Most Java developers have heard the advice "prefer immutability" (Effective Java, Item 17). Immutability confers many advantages including:

• an immutable object can only be in one state
• the invariants of an immutable object can be enforced by its constructor
• immutable objects can be freely shared across threads
• immutability enables all manner of runtime optimizations.

Java's main tool for managing immutability is final fields (and more recently, record classes). Unfortunately, final fields come with restrictions. Final instance fields must be set by the end of the constructor, and static final fields during class initialization. Moreover, the order in which final field initializers are executed is determined by the textual order and is then made explicit in the resulting class file. As such, the initialization of a final field is fixed in time; it cannot be arbitrarily moved forward. In other words, developers cannot cause specific constants to be initialized after the class or object is initialized. This means that developers are forced to choose between finality and all its benefits, and flexibility over the timing of initialization. Developers have devised several strategies to ameliorate this imbalance, but none are ideal.

For instance, monolithic class initializers can be broken up by leveraging the laziness already built into class loading. Often referred to as the class-holder idiom, this technique moves lazily initialized state into a helper class which is then loaded on-demand, so its initialization is only performed when the data is actually needed, rather than unconditionally initializing constants when a class is first referenced:

// ordinary static initialization
private static final Logger LOGGER = Logger.getLogger("com.foo.Bar");
...
LOGGER.log(Level.DEBUG, ...);

we can defer initialization until we actually need it:

// Initialization-on-demand holder idiom
Logger logger() {
    class Holder {
         static final Logger LOGGER = Logger.getLogger("com.foo.Bar");
    }
    return Holder.LOGGER;
}
...
LOGGER.log(Level.DEBUG, ...);

The code above ensures that the Logger object is created only when actually required. The (possibly expensive) initializer for the logger lives in the nested Holder class, which will only be initialized when the logger method accesses the LOGGER field. While this idiom works well, its reliance on the class loading process comes with significant drawbacks. First, each constant whose computation needs to be deferred generally requires its own holder class, thus introducing a significant static footprint cost. Second, this idiom is only really applicable if the field initialization is suitably isolated, not relying on any other parts of the object state.

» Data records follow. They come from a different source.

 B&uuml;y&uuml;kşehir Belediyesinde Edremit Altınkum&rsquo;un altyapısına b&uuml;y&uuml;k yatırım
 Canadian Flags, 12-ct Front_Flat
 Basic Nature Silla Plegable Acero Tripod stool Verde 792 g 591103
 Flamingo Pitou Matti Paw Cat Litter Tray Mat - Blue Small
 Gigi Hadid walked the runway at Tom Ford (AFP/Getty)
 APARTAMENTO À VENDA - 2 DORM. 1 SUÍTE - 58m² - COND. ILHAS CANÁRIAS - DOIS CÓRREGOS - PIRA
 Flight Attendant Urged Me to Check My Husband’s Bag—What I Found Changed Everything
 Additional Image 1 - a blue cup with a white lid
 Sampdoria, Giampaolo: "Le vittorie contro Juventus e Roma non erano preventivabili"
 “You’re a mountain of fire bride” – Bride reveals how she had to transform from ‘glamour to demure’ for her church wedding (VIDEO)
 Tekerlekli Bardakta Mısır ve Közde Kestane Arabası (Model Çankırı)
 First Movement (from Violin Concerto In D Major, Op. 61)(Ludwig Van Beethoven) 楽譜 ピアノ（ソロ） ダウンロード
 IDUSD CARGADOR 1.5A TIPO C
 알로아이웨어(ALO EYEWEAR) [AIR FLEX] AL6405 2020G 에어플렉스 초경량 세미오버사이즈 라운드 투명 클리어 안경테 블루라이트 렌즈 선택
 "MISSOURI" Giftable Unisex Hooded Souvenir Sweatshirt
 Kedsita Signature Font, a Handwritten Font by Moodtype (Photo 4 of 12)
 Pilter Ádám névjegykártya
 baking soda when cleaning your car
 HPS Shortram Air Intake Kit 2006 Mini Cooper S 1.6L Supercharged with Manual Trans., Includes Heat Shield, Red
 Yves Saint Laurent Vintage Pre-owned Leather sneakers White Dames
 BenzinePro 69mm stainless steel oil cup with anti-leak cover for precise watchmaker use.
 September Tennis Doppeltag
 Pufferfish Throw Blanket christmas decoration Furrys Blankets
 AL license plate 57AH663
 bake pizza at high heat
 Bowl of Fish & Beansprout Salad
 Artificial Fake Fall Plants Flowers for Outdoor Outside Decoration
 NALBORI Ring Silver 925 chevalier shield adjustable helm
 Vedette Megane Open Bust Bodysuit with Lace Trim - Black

It should be noted that even though eventually outputting a message is slow compared to obtaining the Logger instance itself, the LOGGER::logmethod starts with checking if the selected Level is enabled or not. This latter check is a relatively fast operation and so, in the case of disabled loggers, the Logger instance retrieval performance is important. For example, logger output for Level.DEBUG is almost always disabled in production environments.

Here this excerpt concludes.